When Nathaniel Bishop purchases Brooklyn’s services for a night, it seems like any other assignation. But the pair form an unexpected bond that grows into something more. Brooklyn hesitates to call it “love”—such things do not exist between freemen and slaves—but when Nathaniel reveals that he wants to help get Brooklyn’s conviction overturned, he dares to hope. Then, an accident in the ring sends Brooklyn on the run, jeopardizing everything he has worked so hard to achieve and sending him into the most important fight of all—the fight for freedom.
Review:
Aleksandr Voinov slips seamlessly into Rachel Haimowitz’s Belonging world with Counterpunch, the story of a man whose life is ravaged by a single, tragic moment, an event so life altering that it strips him of everything he’d once accepted as the inalienable rights of his status as a freeman. Brooklyn Marshall transforms from a man sworn to protect and to serve to a man who is sentenced to persevere and submit, a punishment that creates a man who must fight for every scrap of dignity he can win, though each small victory is laced with the ugly truth that he is a slave and his life is no longer his own.
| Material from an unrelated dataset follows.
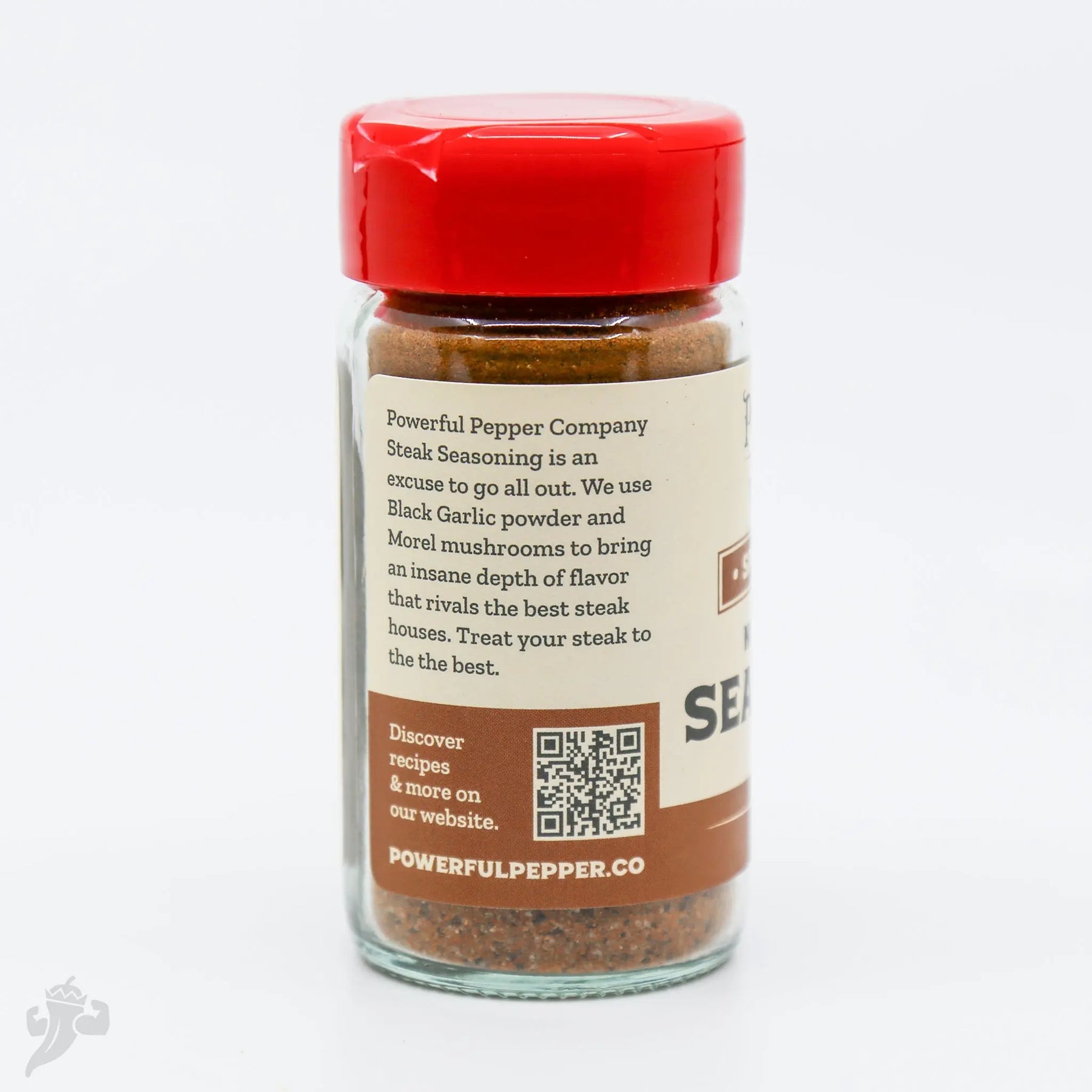 Powerful Pepper Company Steak Seasoning in a glass jar with a red lid.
This is the story of a man who is two years into a life sentence, if life is a word that can be used to describe passing days not doing what you choose to do but what others force you to do because choice is not an option. Brooklyn is a commodity, his success in the boxing ring a means of lining the pockets of the men who own him. All the aggression and anger at the injustice of his circumstances, toward slavery as a whole, is meted out as punishment of his opponents; it is the one place where, for a brief time, Brooklyn is permitted to be the master of his own fate, though the satisfaction of those moments of victory are tinged by the bitterness of guilt, the sting of betrayal, and the helplessness of his circumstances.
True to form, Aleksandr Voinov pulls no punches in this novel. A sense of desperation blends perfectly with the oppressive rage of a man who is shackled by the tangible and intangible bonds of a society that once defined him as free but snatched it away as punishment in a bid for retribution.
The story is not a romance yet perfectly expresses Brooklyn’s deep sense of desire for a connection, a desire that is blunted by past betrayal, abandonment, distrust, and captivity at the hands of the freemen who control his every move and response. It’s a perfect juxtaposition to his relationship with Nathaniel Bishop, the man who challenges Brooklyn and makes him want things he can’t allow himself to hope for. Nathaniel is a man with secrets, a man with connections both personal and professional that will shake the uncertain foundation on which Brooklyn exists.
Counterpunch doesn’t promise happily-ever-after, but what it does do successfully is make the reader hope that Brooklyn and Nathaniel can forge a bit of happiness for themselves from a future that holds more promise than the past.